Anyway, like I said the Rules discussion is really interesting, and it never fails to give me some thinking points. This time the one that stuck with me was the proposal that, at shows where stadium happens before cross country, IF a horse and rider have 5 or more rails it equals automatic Retirement and they are not allowed to run XC (applied at Training level and above). Reason being that they have seen a correlation between a high number of rails and cross country falls. They didn’t provide said correlation data in that discussion, so I don’t know if it’s a tiny correlation or a large one, or how consistent it is, or how far back this data goes, or what it looks like at each level.

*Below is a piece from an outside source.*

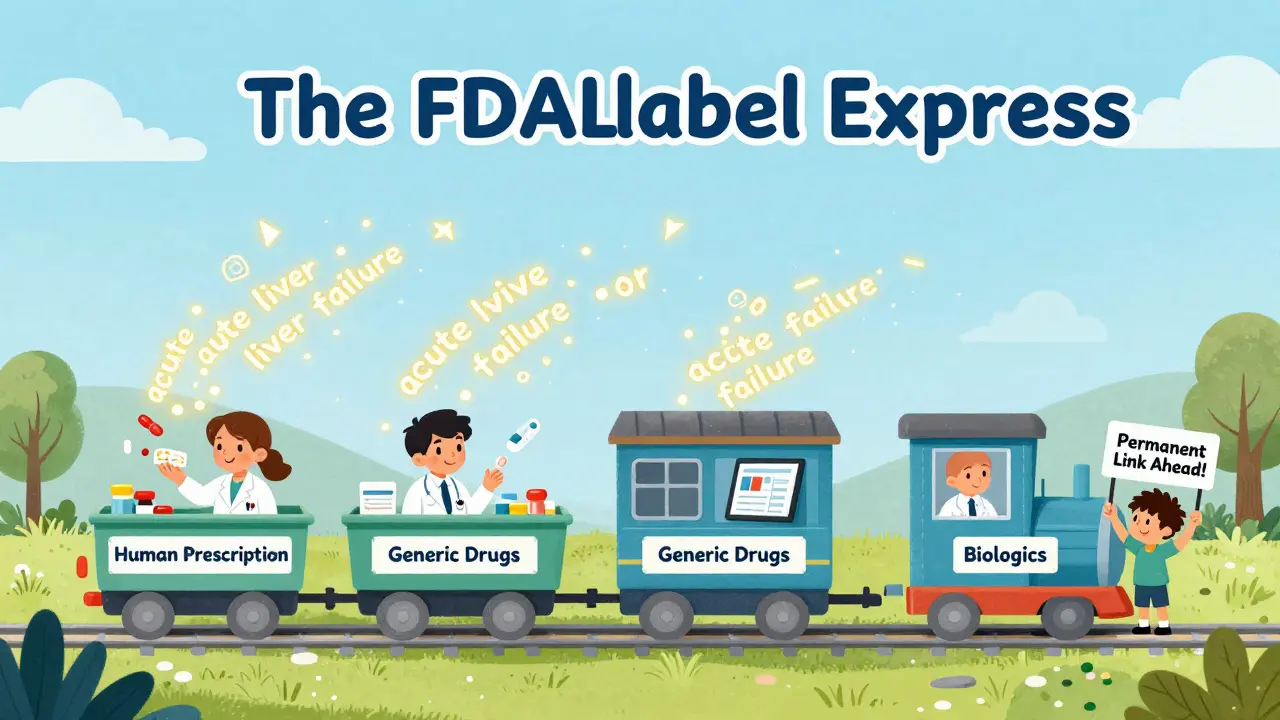 A magical train called FDALabel Express travels through a medical landscape with passengers exploring drug categories.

Interestingly enough they DID say that while they saw a correlation at 4 rails and 5 rails, once you got to 6 rails and above there did NOT seem to be a correlation between the rails and the XC fall rate. That part just raised more questions for me.

I’ve gone back and forth on my thoughts about this. As the owner of a horse who does not give a flying F how many rails he pulls but is an exceptionally good and safe XC horse, my knee jerk reaction was no. Granted, he’s never pulled 5 or more rails (but we have pulled 4 rails a couple times) so this never would have impacted us anyway. Unless of course I found myself riding around with the thought in my head of “OH NO WE CAN’T HAVE ANY MORE RAILS” and then I massively choked and murdered the whole rest of the course. Which is entirely possible.
But I can also easily sit here and think of several upper level horses who pull lots of rails but are some of the best XC horses I’ve ever seen. Quick and safe and smart on XC, but tap their way around stadium because they know the difference (ironically – or not – most of the ones I’m thinking of are Irish or TB). One in particular locally… if they R’d him every time he had 5 or more rails, he’d rarely make it to XC. He doesn’t plow through them, he just taps every single one and it’s a matter of how many stay in the cups. That horse is a BEAST on cross country though.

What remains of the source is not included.